Estados Unidos – colosso imune à mudança?

por Reginaldo Moraes

no Jornal da Unicamp

Alguns livros somem do radar, mesmo dos estudiosos especializados. Mas, de repente, quase por acaso, olhamos para eles, folheamos o que rabiscamos nas suas margens e lembramos do que diziam e do que faziam lembrar. É o caso de um livrinho de Barrington Moore Jr: Reflexões sobre as causas da miséria humana e sobre certos propósitos para eliminá-las (livro de1972, publicado no Brasil em 1974).

Um dos enigmas enfrentados pelo livro tem notável atualidade: afinal, por que os norte-americanos, pioneiros na universalização da escola primária e na escola média, vanguardistas na massificação do ensino superior, detentores da maior máquina de ciência, tecnologia e cultura do mundo, convivem com o fato de elegerem primatas inferiores para a presidência da república? Afinal, isso não seria mais próprio de repúblicas bananeiras? 

Existe algo mais fundo a determinar tal maldição? Quando ainda candidato, Barak Obama disse uma frase aguda, mais ou menos assim: o problema não é apenas sair do Iraque, é sair de uma mentalidade que nos enfia em seguidos Iraques. Terminou seu governo celebrando e confirmando a força desses limites. Será esse elemento um fator explicativo para as perguntas acima?

BM diz que no desenvolvimento norte-americano, em especial na segunda metade do século XX, há “consideráveis elementos de uma prosperidade guerreira”. Não acredita que isso tenha qualquer traço de “destino”. Pelo contrário, vê possibilidade de mudança, mas...

O seu argumento é complexo: a guerra e o desperdício suavizam as crises e minimizam, por exemplo, as demandas por redistribuição de renda, poder e prestígio.
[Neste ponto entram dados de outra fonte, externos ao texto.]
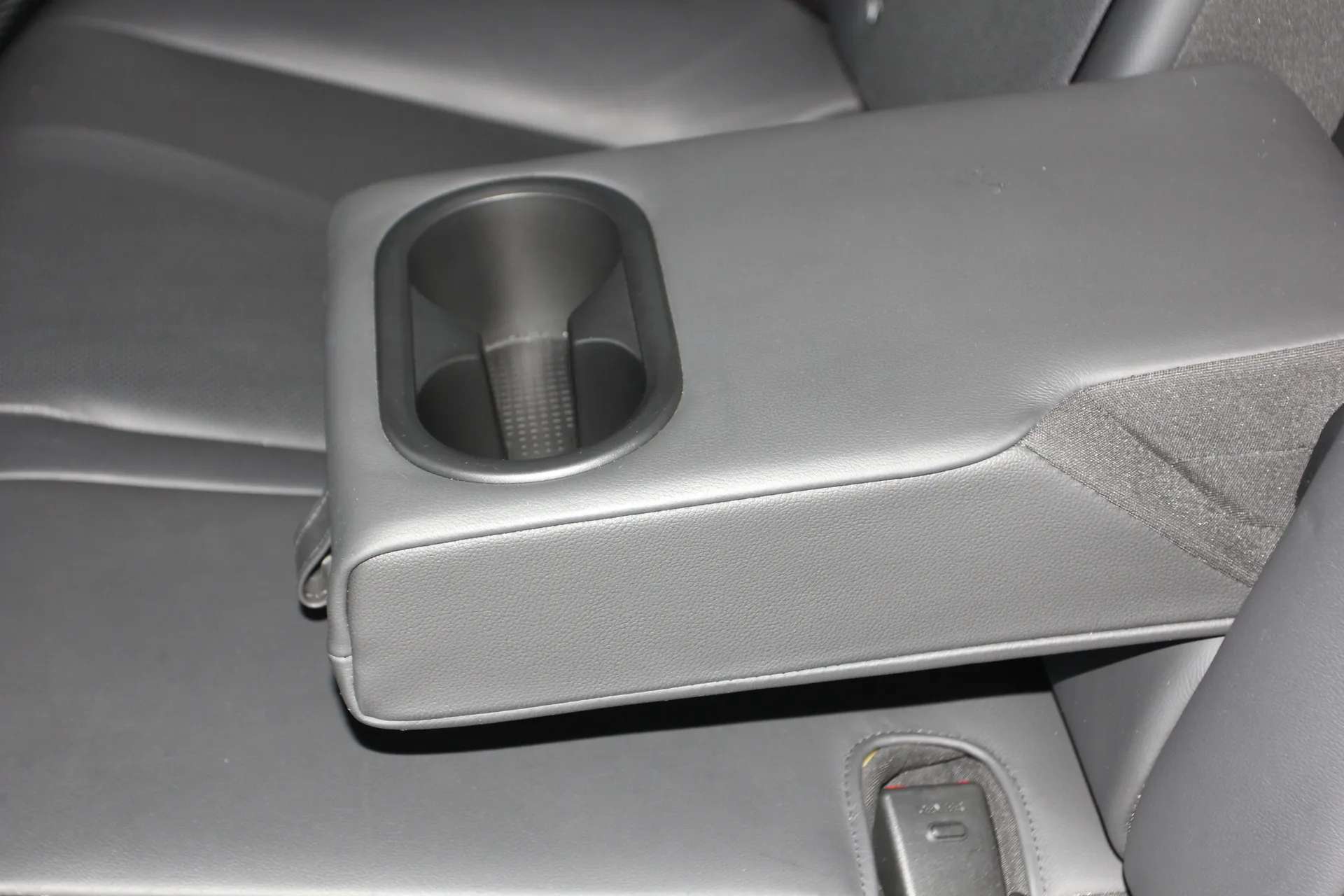 2024 HYUNDAI IONIQ 6 2024 HYUNDAI IONIQ 6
O capitalismo americano é popular e engendra o que Paul Baran e Oskar Lange chamavam de ‘imperialismo do povo’.  Porém, o que se verifica, diz BM, é “ausência de uma demanda de mudança – não a impossibilidade de mudança”.
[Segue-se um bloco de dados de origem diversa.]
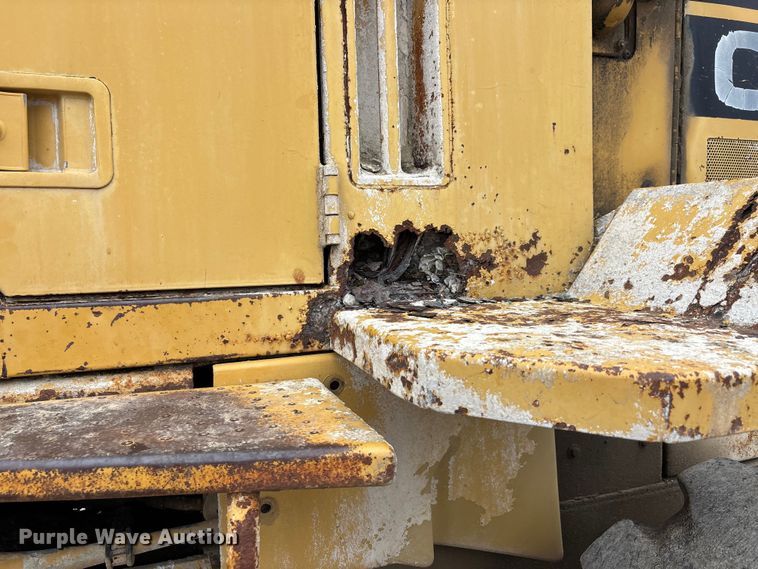 image for item DV4273 1986 Caterpillar IT18 wheel loader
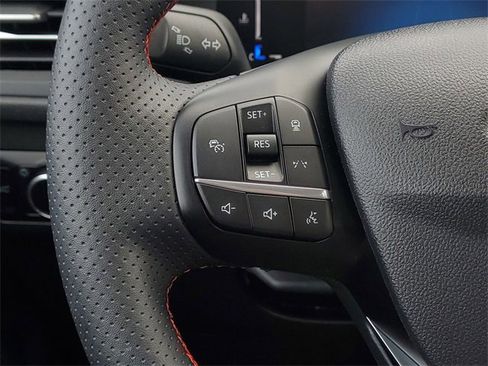 Certified 2025 Ford Escape ST-Line w/ Tech Pack #1 image 17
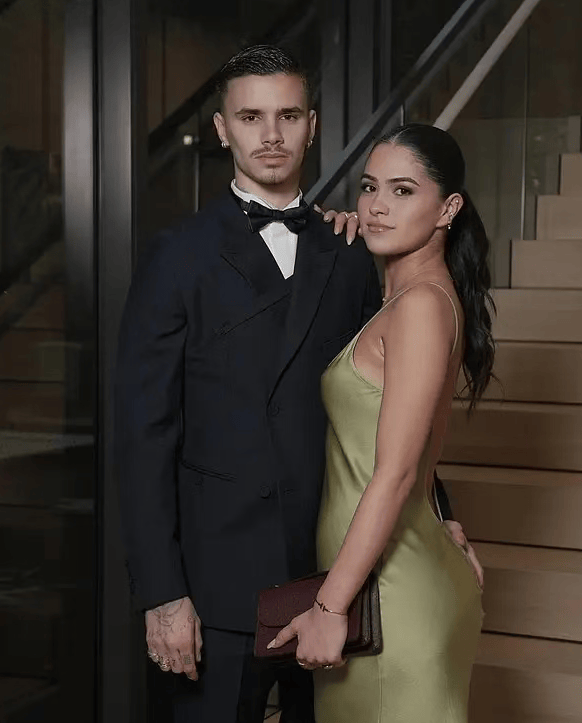 考古|小贝俩儿子恋上同一个女人<strong></p>
<p>股票新闻</strong>，原来贝克汉姆家族关系破裂竟是因为她！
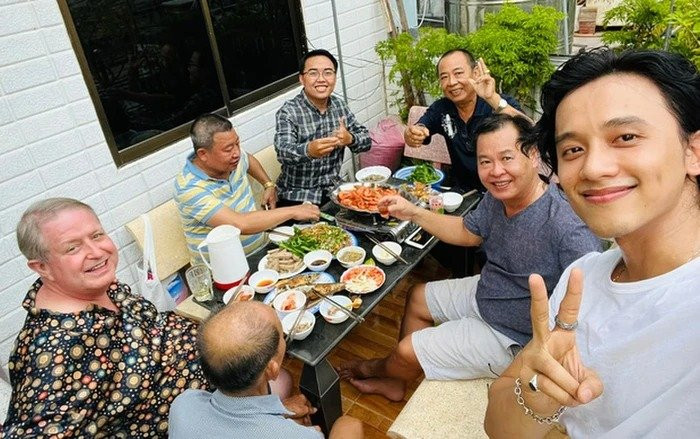 Về phía Mai Tài Phến, anh chàng cũng thoải mái chia sẻ hình ảnh vui vẻ hội ngộ bạn bè dịp cuối năm.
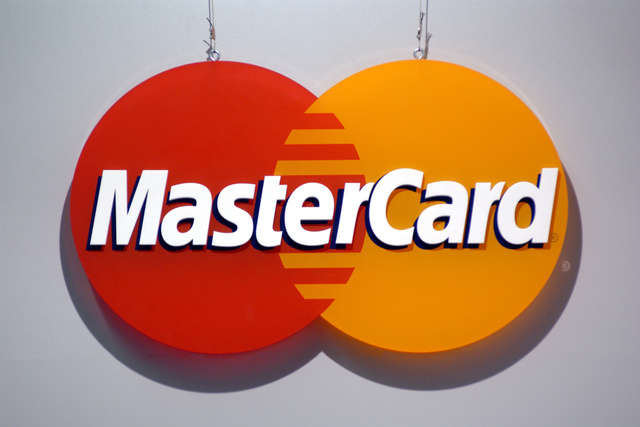 Суд отклонил иск к MasterCard за блокировку карты после санкций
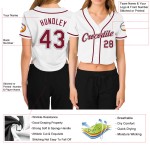 Beschnittenes Baseballtrikot für Damen mit V-Ausschnitt, Weiß, Karminrot und Grau Beschnittenes Baseballtrikot für Damen mit V-Ausschnitt, Weiß, Karminrot und Grau
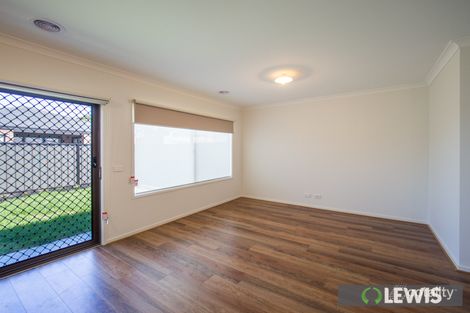Property photo of 32 Fortitude Drive Craigieburn VIC 3064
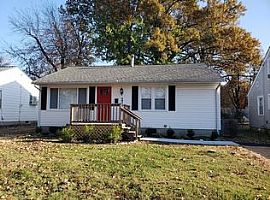 2922 Washington St, Paducah, Ky  in Paducah, KY (Photo 2 of 5)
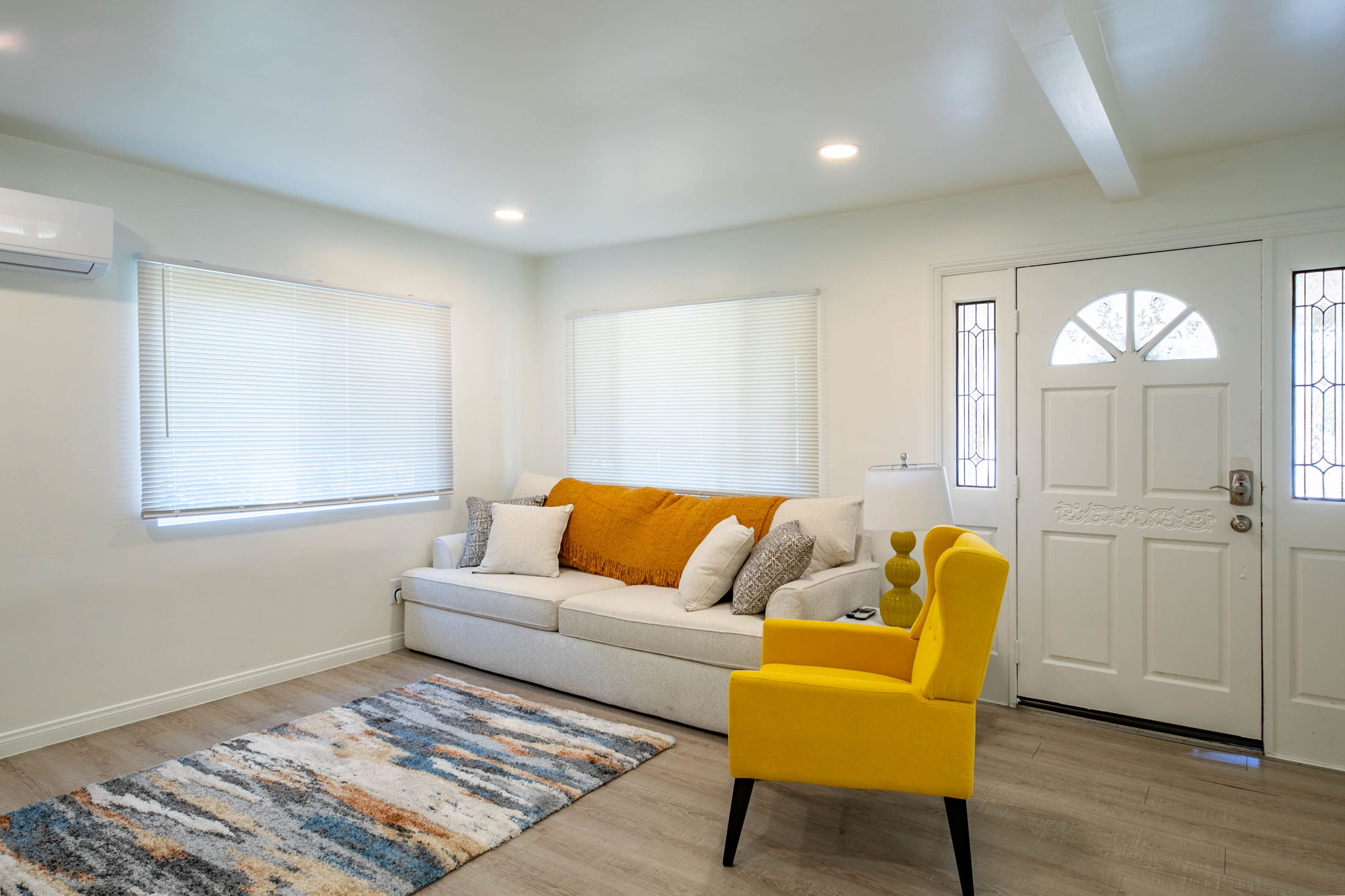 *NEWLY* Remodeled Chic Home near Disneyland photo 2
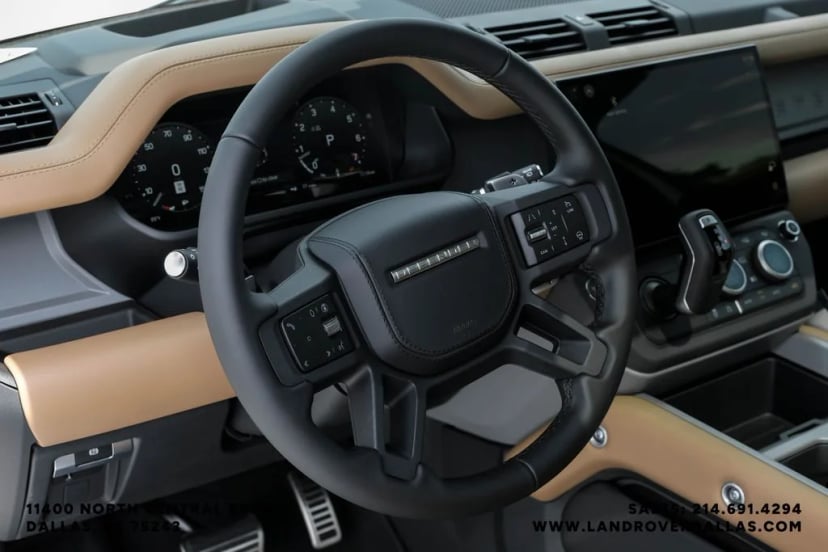 2026 Land Rover Defender 90 - Image 13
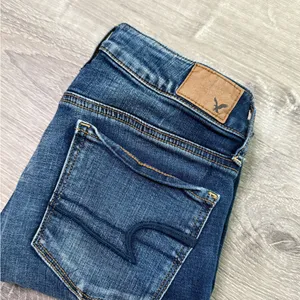 •AMERICAN EAGLE• SKINNY JEANS thumbnail 2
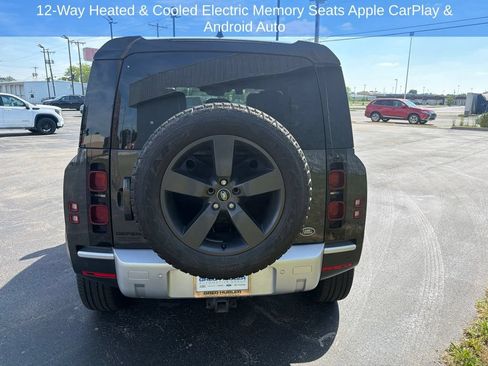 Used 2023 Land Rover Defender 110 SE AWD/4WD image 6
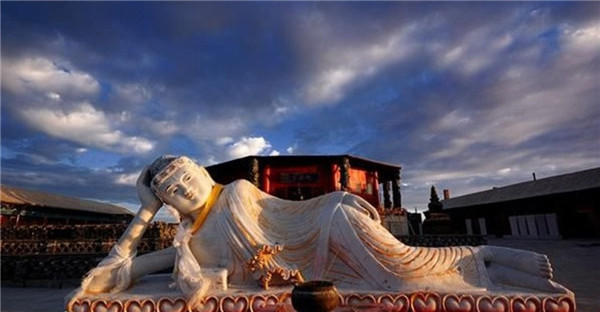 望海寺，是山西省五台山东台顶上的寺庙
A chave para explicar a permanência ou a mudança é a “incoerência, apatia e confusão daqueles que se beneficiariam com políticas diferentes” e que assim podem permanecer porque “os outros pagam os custos”. Em suma, o “imperialismo do povo” tem como empurrar as coisas com a barriga enquanto alguém – fora do jogo - pague o pato.

A argumentação pode ser questionada em seus fundamentos, mas não é o que pretendo fazer aqui. Apenas chamo a atenção para um ponto inquietante da cadeia lógica de BM. Dado o enquadramento que descrevemos acima, seria difícil esperar transformações profundas que se produzam dentro do sistema político, com apoio de massas a reestruturações da desigualdade, por exemplo. Mesmo as mudanças incrementais, nesse quadro, seriam aquelas do famoso lema do Gattopardo: mudar algo para que tudo continue na mesma.
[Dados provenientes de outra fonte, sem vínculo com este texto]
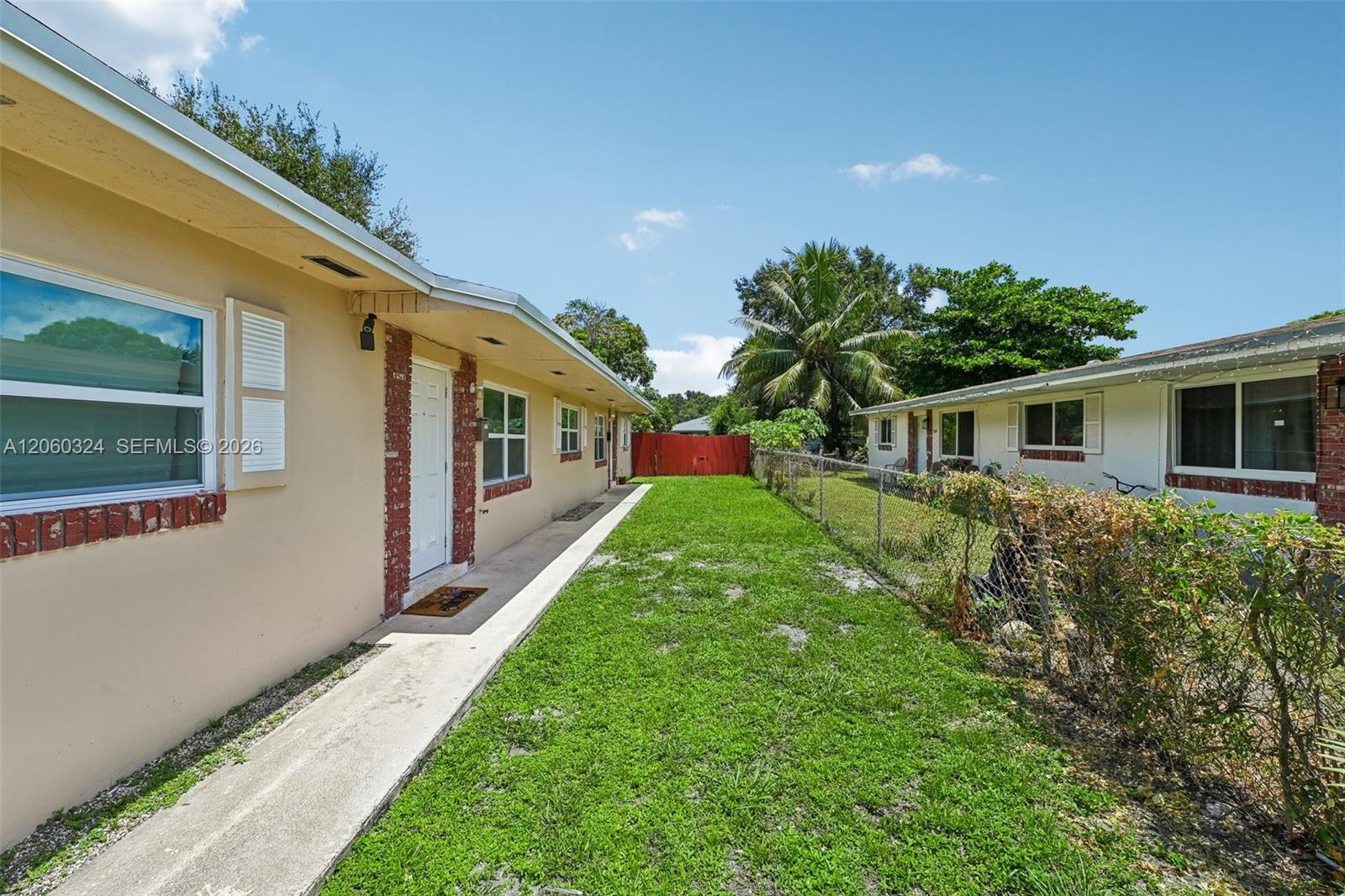 2137 NW 99th Ter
A crer na análise de BM, o sistema social parece quase completamente imune a esse tipo de sacolejo. A possibilidade da ruptura parece quase que totalmente atrelada a acasos, atos inusitados ou a causalidades que não controlamos. E aí vem uma passagem luminosa do livro, justamente aquela que me fez escrever esta crônica.

No final do livro, BM pergunta se poderia haver “uma quebra ou colapso importante do aparelho político sem prévio apoio de massa para sérias mudanças sociais”. E menciona uma possibilidade muito sugestiva:

Há ainda algumas boas razões históricas e sociológicas para sustentar que tal colapso poderia ocorrer e permitir uma sucessão revolucionária. (...) num ambiente urbano a criação de uma massa revolucionária é uma transformação muito rápida. Fundamentalmente, ocorre através da quebra do fornecimento de bens e serviços de que uma cidade depende. Nos anos recentes têm ocorrido numerosas paralisações parciais por uma variedade de causas que nada têm a ver com a revolução em sua concepção comum, tais como greves ou quase greves de empregados-chave: polícia, bombeiros, lixeiros, professores e empregados dos correios. Elas mostraram a vulnerabilidade da cidade à interrupção dos serviços. Uma das possibilidades mais ameaçadoras e sociologicamente interessantes é uma repetição de interrupção do fornecimento de energia elétrica que afetou grande parte do Nordeste não há muito tempo {BM refere-se ao apagão de 1965]. Sob a capa de bom humor do último corte de luz havia uma preocupação, não necessariamente apaziguada pelas freqüentes emissões assegurando a população de que o Pentágono estava funcionando normalmente e tinha certeza de que não se tratava de caso de emergência. Energia elétrica é muito mais importante para uma cidade moderna do que o fornecimento de trigo para a cidade de Paris no século XVIII. “

Isso foi publicado em 1972. Um outro grande blecaute aconteceria em 1977. Mas o mais inquietante ocorreu em agosto de 2003. Afinal, atingia em cheio uma cidade traumatizada pelo famoso evento das Torres Gêmeas, ocorrido dois anos antes. Um apagão monstro paralisou e assombrou cidadãos e autoridades de boa parte do nordeste americano, incluindo a cidade de Nova Iorque. O noticiário registrou múltiplos aspectos do evento – um choque na vida das pessoas, nos seus sentimentos e ansiedades. Boatos, improvisações, percepção de vulnerabilidades desconhecidas  - essa era a crônica daquelas 24 horas dos nova-iorquinos. Para outras cidades, o apagão durou até 90 horas.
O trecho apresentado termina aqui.